▶ _Problem description_: Transcribe, starting at the line with "Treeing Walker Coonhound" and ending at the line with "2025 English Bible", every line of the material below exactly, but leave out the pictures and anything outside that span.
#### Working data ####
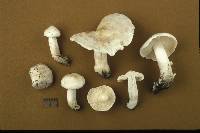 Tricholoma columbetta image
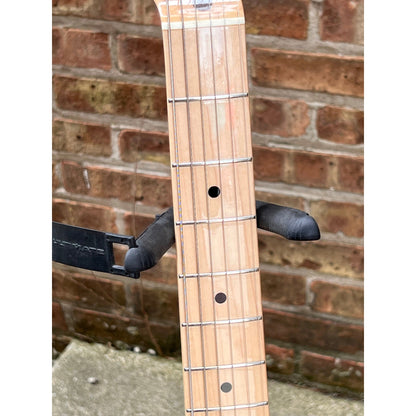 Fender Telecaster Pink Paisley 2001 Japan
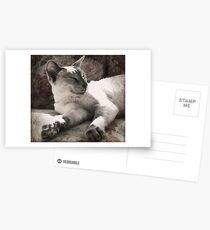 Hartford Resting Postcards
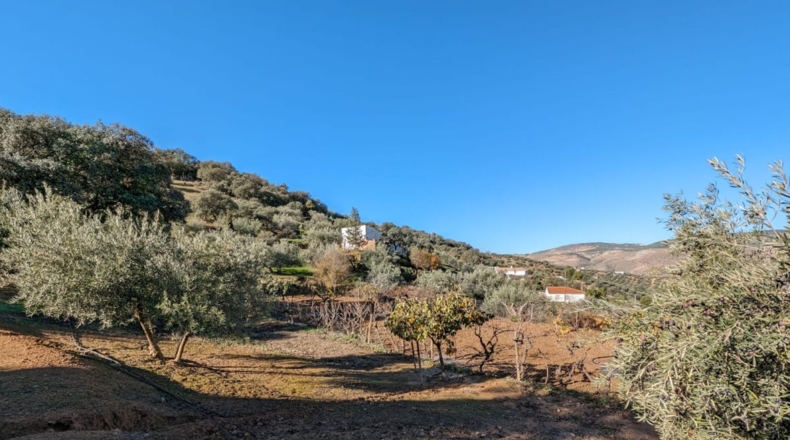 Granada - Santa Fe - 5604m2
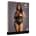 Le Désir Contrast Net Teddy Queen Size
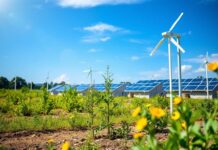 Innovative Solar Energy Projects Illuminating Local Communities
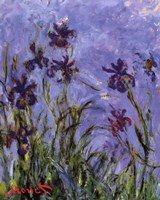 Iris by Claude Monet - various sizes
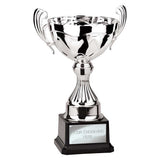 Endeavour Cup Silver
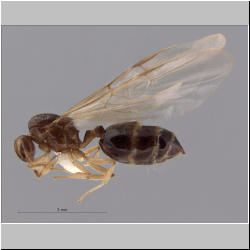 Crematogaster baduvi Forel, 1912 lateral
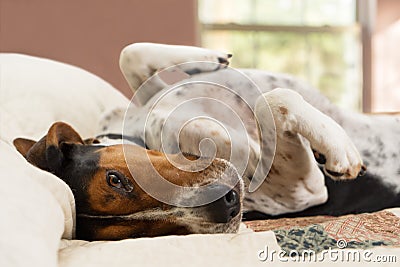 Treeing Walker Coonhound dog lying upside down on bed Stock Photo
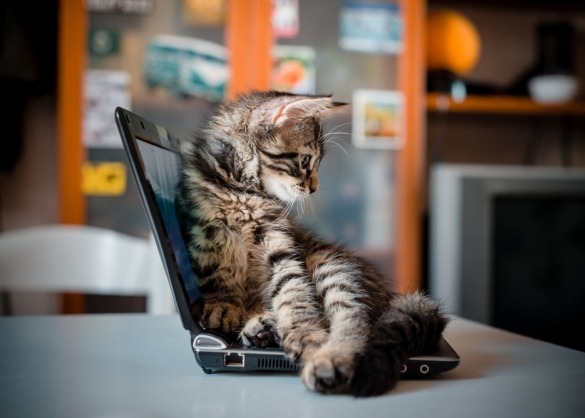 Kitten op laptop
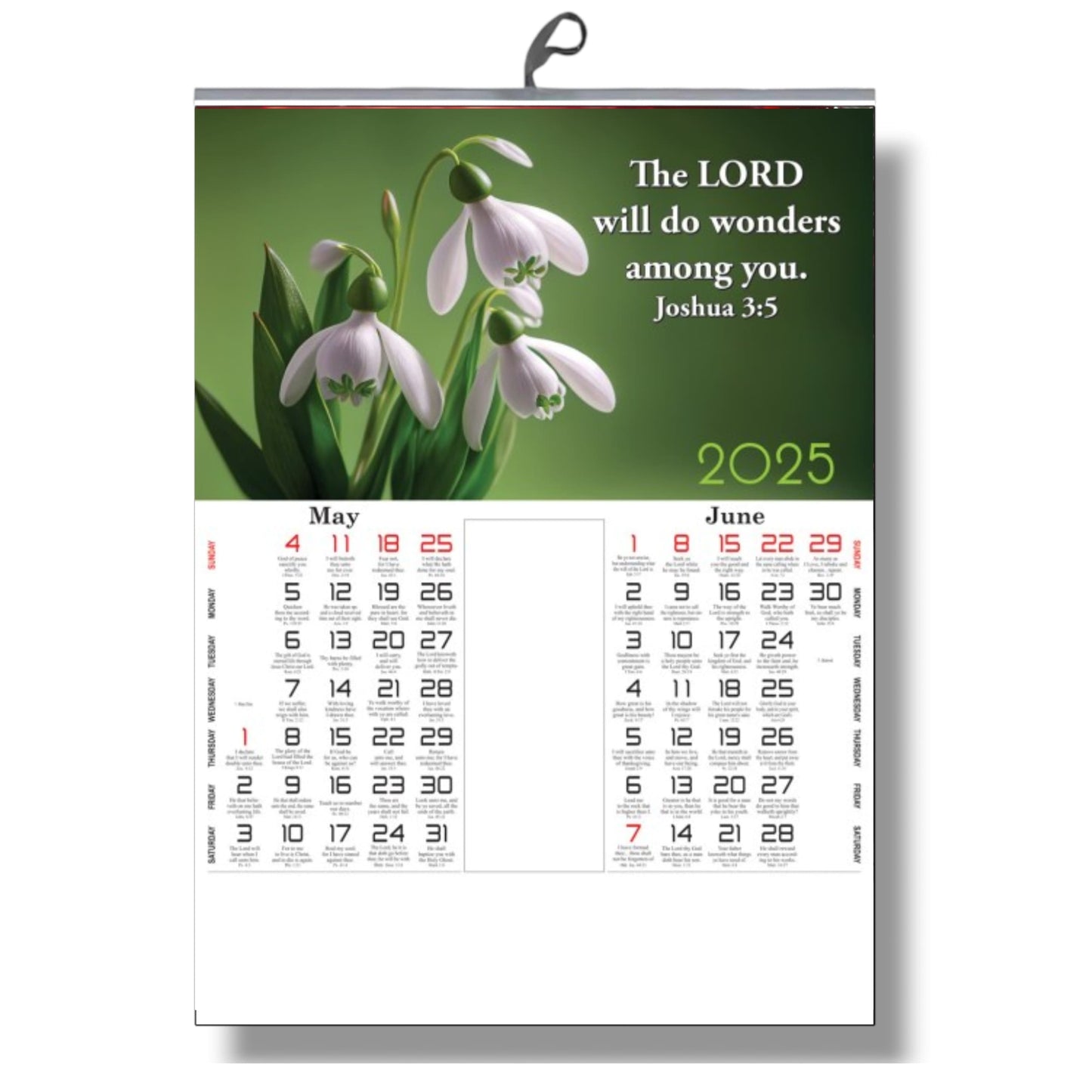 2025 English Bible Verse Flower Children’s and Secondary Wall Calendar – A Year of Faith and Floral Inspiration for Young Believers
####
#### Working data ####
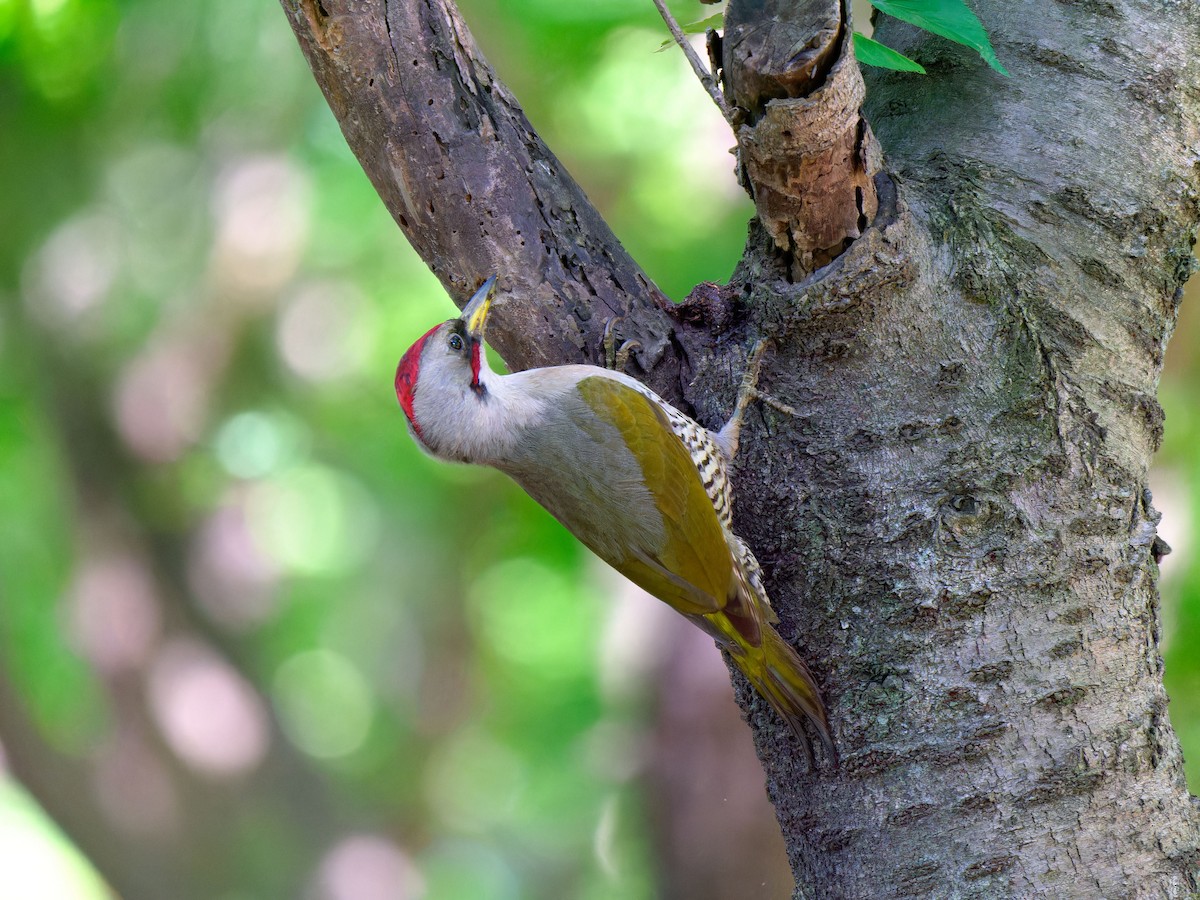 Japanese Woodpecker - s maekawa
####
▶ _Reply_:
 Treeing Walker Coonhound dog lying upside down on bed Stock Photo
 Kitten op laptop
 2025 English Bible Verse Flower Children’s and Secondary Wall Calendar – A Year of Faith and Floral Inspiration for Young Believers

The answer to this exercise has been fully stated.